Goin' Quackers is an attractive game that makes worthwhile use of Disney's most irritable fowl, Donald Duck. In this platform adventure, Donald must race around the world, setting up pieces of the inventor Gyro Gearloose's teleportation machine, to save his girl, Daisy, from the evil wizard Merlock's clutches. You'll travel to 22 different stages, across four different levels each dominated by a theme: Duckie Mountain, Duckberg, Magica De Spell's Haunted Mansion, and the evil Merlock's Ancient Temple.

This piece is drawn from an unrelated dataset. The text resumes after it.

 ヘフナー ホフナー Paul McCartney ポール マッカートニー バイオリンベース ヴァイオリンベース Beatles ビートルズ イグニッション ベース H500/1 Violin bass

To reach each level's boss character, you must find each quarter of the warp pad that unlocks its stage. You race through these areas collecting gears. Collecting 100 of them nets you an extra life. Picking up five of these in a second also grants you one letter of the word "special." Beating a stage with the word "special" unlocked teaches you one of Donald's special moves. The special moves add an actual challenging element to your scoring strategies. To accomplish special moves, you need to bounce off of three enemies without hitting the ground, quickly tap R1, and then input a button combination, within three seconds. Pull it off, and you're rewarded with a visual treat: Donald does a few tricks, possibly changes appearance, and flexes his tail. In addition, you can also hunt for the golden thread that powers up Gyro's costume-changing machine. The character model swaps are nice, but most Donald purists will prefer his trusty blue sailor suit.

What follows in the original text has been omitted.